Tang Shuangning is latest in long line of high-profile figures to be ensnared in Xi Jinping’s anticorruption drive.
The former head of China’s state-owned banking giant Everbright Group has been arrested for alleged corruption, prosecutors have said.
Tang Shuangning, 69, was arrested on suspicion of taking bribes and embezzlement following the conclusion of an investigation by the anticorruption authority, China’s Supreme People’s Procuratorate said on Monday.
Tang was earlier this month expelled from the ruling Communist Party for alleged violations of party discipline, including bringing unauthorised books into the country and accepting illicit gifts.
The former bank chairman is the latest in a long line of high-profile figures within China’s financial sector to be ensnared in President Xi Jinping’s sweeping campaign against corruption.
Last month, Sun Guofeng, the former head of the central bank’s monetary policy department, was sentenced to 16 years and six months in prison for taking bribes, leaking state secrets and insider trading.
In October, Liu Liange, the former chairman of the Bank of China, was arrested on suspicion of bribery and providing illegal loans.

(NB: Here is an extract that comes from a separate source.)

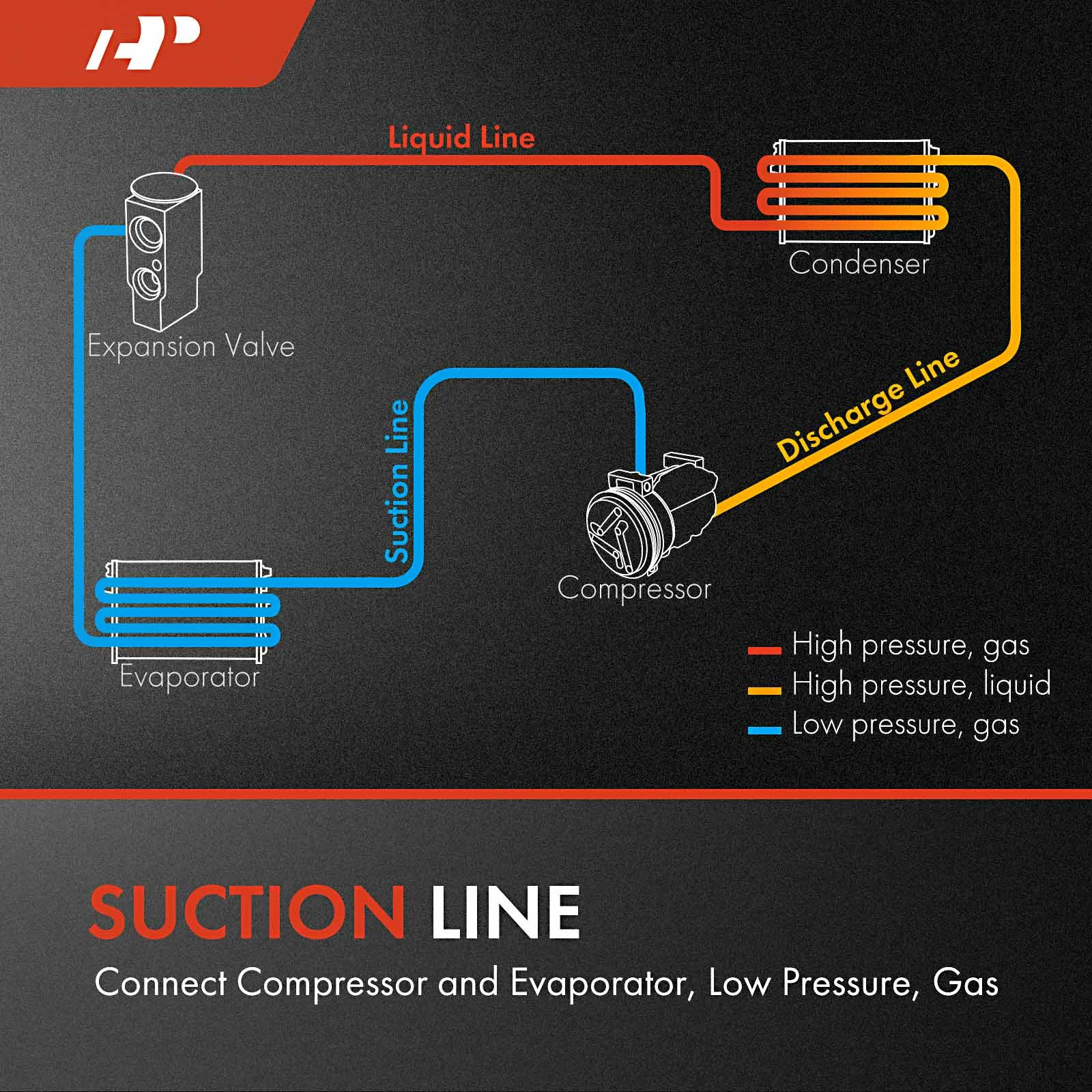 AC Suction Hose for Infiniti G20 2000 2001 2002 2.0L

Li Xiaopeng, who took over from Tang at Everbright, was arrested on suspicion of accepting bribes the same month.
Xi, widely regarded as China’s most powerful leader since Mao Zedong, has made a zero-tolerance attitude toward corruption a signature policy of his precedent-busting tenure in office.
While Xi’s supporters have credited the Chinese leader with cleaning up the country’s politics and business, critics say the anticorruption drive is a thinly veiled ploy to purge rivals.